Настенька, догадавшись, что все её основные опасения не оправдались, успокоилась, а губы по-настоящему надулись, как у обиженного ребёнка. Ей не хотелось, чтобы ею занимались как маленькой. Но папа тут же вносил коррективы в разговор, поправляя слова матери:
– Настён, ответ ответом, но решаешь, конечно, ты сама. Давай прикинем, где тебе интереснее будет работать. Специалист-то ты теперь неплохой – языки знаешь в какой-то степени, правда, без диплома, к сожалению, печатаешь быстро. Это не так мало. Можно и повыбирать работу.
– Алёша, ты что? Не можешь устроить её в ГКЭС? Попроси Петра Петровича в кадрах. Им всегда машинистки требуются. – Это вступила в разговор Настенькина мама, мывшая посуду на кухне и прислушивавшаяся к разговору. – Оттуда можно и за рубеж потом поехать.
Но Настенька немедленно воспротивилась такому варианту:
– Ни в коем случае. Я не хочу работать там, где все вас знают. И вообще хочу работать где-нибудь в тихом месте, где меньше людей.
И ни в какую заграницу я уже не собираюсь, – добавила она, подумав о том, какой фурор вызвала бы при прохождении обязательной медицинской комиссии, на которой при сдаче крови сразу обнаружат у неё СПИД.
В это время в прихожей зазвонил телефон. Он специально стоял там, а не в общей комнате, чтобы разговаривающий не мешал смотреть телевизор, выключенный на время ужина, но через несколько минут должна была начаться программа "Время", которую обычно смотрели все, кто находился дома, кроме Настеньки, вечно занятой своими делами, и Иван Матвеевич нажал кнопку "Рекорда". В комнатах Настеньки и её родителей стояли современные японские телевизоры, а здесь старики не хотели менять советскую модель, объясняя тем, что незачем расфуфыривать деньги напрасно, если телевизор и так пашет неплохо.
К телефону подошла Татьяна Васильевна и после нескольких приветствий и восторженных фраз она вдруг прикрыла трубку рукой и позвала Настеньку:
– Внученька, тут мне моя старая приятельница Галина Ивановна директор музея Николая Островского звонит, просит помочь найти ей машинистку с перспективой перевода на работу экскурсоводом.
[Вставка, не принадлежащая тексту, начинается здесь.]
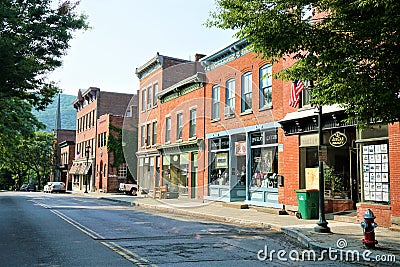 Main street Beacon New York on sleepy sunday morning Editorial Stock Photo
Ты бы не согласилась подойти посмотреть? Может понравится?
– Это тот, что на улице Горького рядом с Елисеевским?
– Ну да. Мы с тобой там однажды были.
– Вообще это любопытно. Скажи, что я подойду поговорить.
– Только они мало платят.
– Ну, от голода-то я не умру, пожалуй.
МОСКВА 1987 ГОДА
Вот так и случилось, что на следующий день Настенька, не дожидаясь экзаменов на курсах, уже начала работать в музее, который понравился ей, прежде всего тем, что он маленький, в центре города и ничего в нём от девушки не потребовали кроме желания трудиться. Привлекло и то, как её приняли, пригласив прежде всего, до разговора, посмотреть музей, где безумно увлечённая темой экскурсовод Инесса Александровна Тупичёва по просьбе Галины Ивановны провела с Настенькой целую экскурсию, разрешив даже зайти в мемориальную квартиру писателя, куда всем другим вход категорически запрещён, о чём Настенька помнила по первому посещению этого музея со своим классом.